There are a lot of big words being thrown around that perhaps should not be. “Exciting.” “Wild.” “Legends.” “Legend Dogs” are dogs aged ten or older. We do not see any legend dogs, but the announcer at one point gets up and walks his own dog through a few jumps, effectively announcing himself and competing at the same time, which strikes me as pretty legendary. This man is a true professional. When the phone playing the event’s music gets a text and the tunes cut out, he covers flawlessly, shouting out to the official merch table and suggesting we take advantage of the Canadian Skin Cancer Society’s booth to get our sun damage checked out, for free. We do. My skin is only medium damaged.

The rulebook says that “If a team is tied for first place with another team at the end of the finals round, a ‘jump off’ shall occur until there is a defined winner.” I spend a lot of time praying for a jump off that never comes. At national events a judge will evaluate all jumps electronically using proprietary digital video stop action technology. Club events use the “Manual Judging System,” i.e. two people and their eyes, but this is the Canadian Eastern Regional finals. Nothing but the goddamn best. It is kind of hard to tell how any of the dogs are doing, unless you are a DockDogs™ connoisseur. It mostly looks like the dogs are all having a nice time doing the same thing.

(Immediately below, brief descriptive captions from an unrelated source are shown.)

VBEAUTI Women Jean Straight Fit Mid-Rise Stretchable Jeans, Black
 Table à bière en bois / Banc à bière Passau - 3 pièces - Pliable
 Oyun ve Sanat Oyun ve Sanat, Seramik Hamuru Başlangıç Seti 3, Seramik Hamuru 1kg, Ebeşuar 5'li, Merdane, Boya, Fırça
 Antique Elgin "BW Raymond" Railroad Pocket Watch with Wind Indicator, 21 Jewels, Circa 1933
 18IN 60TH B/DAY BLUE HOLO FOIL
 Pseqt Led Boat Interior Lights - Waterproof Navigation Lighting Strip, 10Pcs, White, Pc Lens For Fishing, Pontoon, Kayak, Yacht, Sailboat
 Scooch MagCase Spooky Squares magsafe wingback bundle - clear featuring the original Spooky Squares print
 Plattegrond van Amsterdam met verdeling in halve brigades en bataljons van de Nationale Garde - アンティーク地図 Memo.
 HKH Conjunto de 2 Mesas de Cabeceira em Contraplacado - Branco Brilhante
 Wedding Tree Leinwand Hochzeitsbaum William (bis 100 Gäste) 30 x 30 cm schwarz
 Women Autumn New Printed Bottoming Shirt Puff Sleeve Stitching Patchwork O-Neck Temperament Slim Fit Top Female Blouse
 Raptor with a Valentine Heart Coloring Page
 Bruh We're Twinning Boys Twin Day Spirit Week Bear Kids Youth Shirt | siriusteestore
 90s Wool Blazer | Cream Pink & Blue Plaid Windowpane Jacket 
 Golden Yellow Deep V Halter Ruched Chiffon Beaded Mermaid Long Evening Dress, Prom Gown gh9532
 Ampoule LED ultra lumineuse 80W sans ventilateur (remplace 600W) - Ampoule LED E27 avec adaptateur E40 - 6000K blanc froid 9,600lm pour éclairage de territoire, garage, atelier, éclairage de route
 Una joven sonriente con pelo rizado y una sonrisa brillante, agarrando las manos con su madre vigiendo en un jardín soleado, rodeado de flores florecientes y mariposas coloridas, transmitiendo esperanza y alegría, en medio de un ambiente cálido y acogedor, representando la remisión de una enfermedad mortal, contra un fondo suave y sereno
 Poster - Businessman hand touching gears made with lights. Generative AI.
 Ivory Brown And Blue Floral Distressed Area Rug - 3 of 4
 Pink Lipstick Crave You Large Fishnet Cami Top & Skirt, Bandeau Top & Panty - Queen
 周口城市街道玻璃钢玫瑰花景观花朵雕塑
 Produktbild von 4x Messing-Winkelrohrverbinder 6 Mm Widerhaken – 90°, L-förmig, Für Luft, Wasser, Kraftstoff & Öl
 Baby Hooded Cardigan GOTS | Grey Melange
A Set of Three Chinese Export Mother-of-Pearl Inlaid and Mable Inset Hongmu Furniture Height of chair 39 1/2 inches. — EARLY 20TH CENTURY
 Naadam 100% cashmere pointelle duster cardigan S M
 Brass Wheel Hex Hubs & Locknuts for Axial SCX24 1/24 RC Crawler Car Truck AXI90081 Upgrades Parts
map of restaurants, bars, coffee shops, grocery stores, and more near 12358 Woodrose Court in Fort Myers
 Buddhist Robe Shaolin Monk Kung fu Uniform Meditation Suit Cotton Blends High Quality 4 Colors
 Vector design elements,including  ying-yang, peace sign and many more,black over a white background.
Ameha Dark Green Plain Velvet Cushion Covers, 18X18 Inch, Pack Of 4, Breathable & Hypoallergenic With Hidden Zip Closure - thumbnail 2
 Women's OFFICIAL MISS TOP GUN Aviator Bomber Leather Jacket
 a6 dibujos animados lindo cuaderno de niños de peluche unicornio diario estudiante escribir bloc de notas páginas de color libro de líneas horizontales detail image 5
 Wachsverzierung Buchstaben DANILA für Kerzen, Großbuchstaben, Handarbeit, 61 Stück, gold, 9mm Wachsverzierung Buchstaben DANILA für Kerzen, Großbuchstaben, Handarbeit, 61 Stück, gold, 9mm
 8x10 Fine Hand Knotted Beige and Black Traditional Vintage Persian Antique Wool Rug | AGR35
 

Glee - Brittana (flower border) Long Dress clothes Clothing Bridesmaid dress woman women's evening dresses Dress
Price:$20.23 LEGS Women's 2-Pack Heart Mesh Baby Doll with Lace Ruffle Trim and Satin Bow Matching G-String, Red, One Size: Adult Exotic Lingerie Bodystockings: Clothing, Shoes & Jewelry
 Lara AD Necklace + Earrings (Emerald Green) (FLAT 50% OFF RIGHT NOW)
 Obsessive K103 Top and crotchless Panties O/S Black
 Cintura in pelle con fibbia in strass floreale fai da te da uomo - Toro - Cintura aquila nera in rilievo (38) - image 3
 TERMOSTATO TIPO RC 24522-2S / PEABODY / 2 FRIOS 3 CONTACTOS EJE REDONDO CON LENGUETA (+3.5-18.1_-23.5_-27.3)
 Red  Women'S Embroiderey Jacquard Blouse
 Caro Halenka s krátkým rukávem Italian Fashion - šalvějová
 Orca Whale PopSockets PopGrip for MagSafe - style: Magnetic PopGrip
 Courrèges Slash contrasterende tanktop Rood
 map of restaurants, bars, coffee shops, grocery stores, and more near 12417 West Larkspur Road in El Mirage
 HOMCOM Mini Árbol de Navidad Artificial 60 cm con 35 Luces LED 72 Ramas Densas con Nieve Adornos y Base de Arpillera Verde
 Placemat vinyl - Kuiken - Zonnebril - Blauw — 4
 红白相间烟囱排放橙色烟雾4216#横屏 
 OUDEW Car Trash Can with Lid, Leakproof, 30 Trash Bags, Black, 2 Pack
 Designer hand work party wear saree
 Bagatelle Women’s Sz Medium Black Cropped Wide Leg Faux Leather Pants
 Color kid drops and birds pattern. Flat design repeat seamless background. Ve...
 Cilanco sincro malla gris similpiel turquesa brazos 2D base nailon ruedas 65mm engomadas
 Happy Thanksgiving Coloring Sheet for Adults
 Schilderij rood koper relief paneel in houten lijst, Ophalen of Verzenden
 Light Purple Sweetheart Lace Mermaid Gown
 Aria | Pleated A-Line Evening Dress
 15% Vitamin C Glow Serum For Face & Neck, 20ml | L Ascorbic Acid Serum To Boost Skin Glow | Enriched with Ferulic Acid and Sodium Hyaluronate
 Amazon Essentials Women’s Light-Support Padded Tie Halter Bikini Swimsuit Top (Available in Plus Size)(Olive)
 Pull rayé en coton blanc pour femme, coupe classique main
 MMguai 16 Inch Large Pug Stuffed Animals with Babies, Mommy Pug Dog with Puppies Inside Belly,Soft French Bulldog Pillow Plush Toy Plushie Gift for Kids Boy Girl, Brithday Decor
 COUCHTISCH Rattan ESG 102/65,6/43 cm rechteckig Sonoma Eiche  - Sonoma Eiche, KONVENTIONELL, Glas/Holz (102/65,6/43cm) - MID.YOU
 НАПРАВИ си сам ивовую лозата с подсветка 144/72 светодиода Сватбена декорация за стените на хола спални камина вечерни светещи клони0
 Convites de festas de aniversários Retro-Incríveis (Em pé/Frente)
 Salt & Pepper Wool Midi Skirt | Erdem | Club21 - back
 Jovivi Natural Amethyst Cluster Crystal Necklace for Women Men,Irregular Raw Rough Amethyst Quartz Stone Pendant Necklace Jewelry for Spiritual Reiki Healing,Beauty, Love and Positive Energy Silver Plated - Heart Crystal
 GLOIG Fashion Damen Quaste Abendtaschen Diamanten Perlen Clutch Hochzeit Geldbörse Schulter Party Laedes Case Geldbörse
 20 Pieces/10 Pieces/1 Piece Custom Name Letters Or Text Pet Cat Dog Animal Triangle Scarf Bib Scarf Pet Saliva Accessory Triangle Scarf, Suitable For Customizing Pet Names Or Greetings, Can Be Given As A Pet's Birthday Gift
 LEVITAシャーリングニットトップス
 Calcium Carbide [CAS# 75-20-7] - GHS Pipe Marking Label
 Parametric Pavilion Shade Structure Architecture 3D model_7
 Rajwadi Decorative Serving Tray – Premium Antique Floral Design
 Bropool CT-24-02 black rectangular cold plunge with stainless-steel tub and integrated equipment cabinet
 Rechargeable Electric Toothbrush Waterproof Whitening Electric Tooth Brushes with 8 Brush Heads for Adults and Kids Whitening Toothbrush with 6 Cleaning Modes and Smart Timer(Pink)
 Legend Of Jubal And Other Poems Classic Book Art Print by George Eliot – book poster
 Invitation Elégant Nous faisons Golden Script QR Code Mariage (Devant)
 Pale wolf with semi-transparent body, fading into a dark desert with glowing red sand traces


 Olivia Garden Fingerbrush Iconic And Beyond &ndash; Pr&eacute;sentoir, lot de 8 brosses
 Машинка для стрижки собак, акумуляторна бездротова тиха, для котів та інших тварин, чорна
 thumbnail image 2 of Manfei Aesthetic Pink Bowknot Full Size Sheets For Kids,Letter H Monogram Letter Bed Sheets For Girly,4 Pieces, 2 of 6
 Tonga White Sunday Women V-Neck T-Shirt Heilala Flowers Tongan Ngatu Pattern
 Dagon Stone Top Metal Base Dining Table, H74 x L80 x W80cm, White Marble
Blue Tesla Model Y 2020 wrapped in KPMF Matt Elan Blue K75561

This continued for hours. Literal hours. I ate some chicken and watched some dogs, contemplated sneaking into the wine tent and watched some dogs, got a gentle sunburn near the skin cancer booth and watched some dogs, watched some dogs and watched some dogs. Minutes stretched into hours, the announcer played Top 40, read out dog statistics, and commented on the crowd’s enthusiasm when it lagged. There was a bit of a lunch rush when the nearby office buildings let out. People wearing lanyards and work pants stood by bemused, snapchatting dog pics to their girlfriends in other offices across the city. It was probably the least eventful a thing can be while still qualifying as, technically, “an event.”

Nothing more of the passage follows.